* _TASK REQUIREMENTS_: From the material below, retype exactly the lines that begin at the line with "La libertad de los hijos" and end after the line with "Решётка радиатора радиатора"; pictures stay out of the copy.

* _RECORDED INFORMATION_:
######

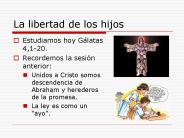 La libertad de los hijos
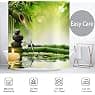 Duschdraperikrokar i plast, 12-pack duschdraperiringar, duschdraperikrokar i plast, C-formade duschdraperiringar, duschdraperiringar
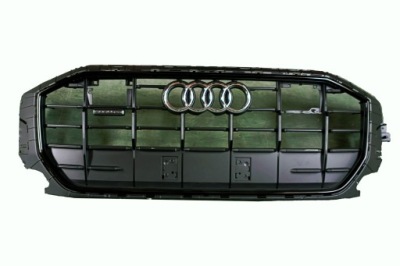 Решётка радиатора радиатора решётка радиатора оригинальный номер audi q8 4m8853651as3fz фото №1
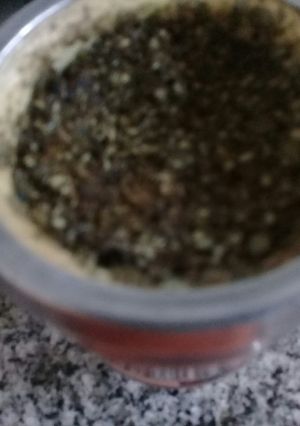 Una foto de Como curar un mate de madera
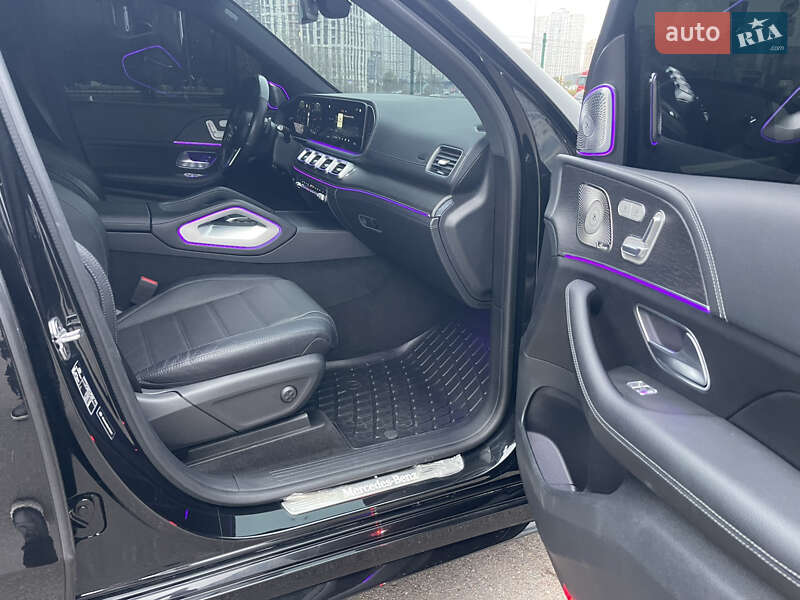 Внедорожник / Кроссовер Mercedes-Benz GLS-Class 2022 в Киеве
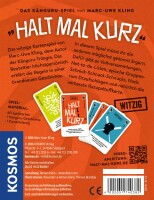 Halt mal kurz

######

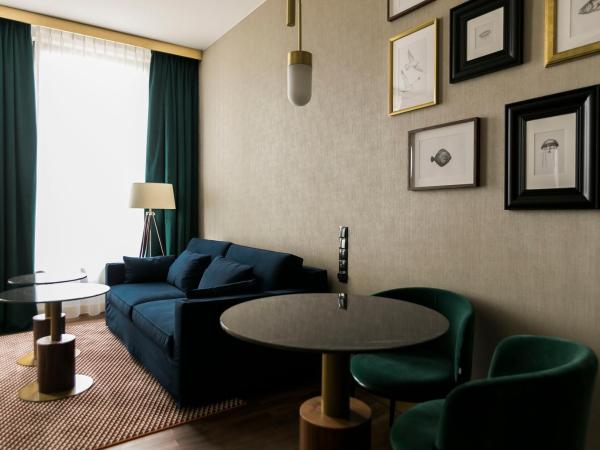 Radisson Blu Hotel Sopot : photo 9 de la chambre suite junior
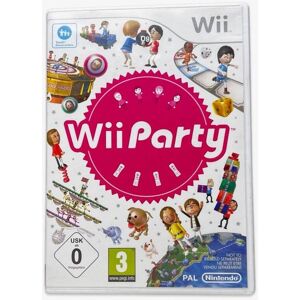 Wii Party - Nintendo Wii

######

* _RESULT BELOW_:
 La libertad de los hijos
 Duschdraperikrokar i plast, 12-pack duschdraperiringar, duschdraperikrokar i plast, C-formade duschdraperiringar, duschdraperiringar
 Решётка радиатора радиатора решётка радиатора оригинальный номер audi q8 4m8853651as3fz фото №1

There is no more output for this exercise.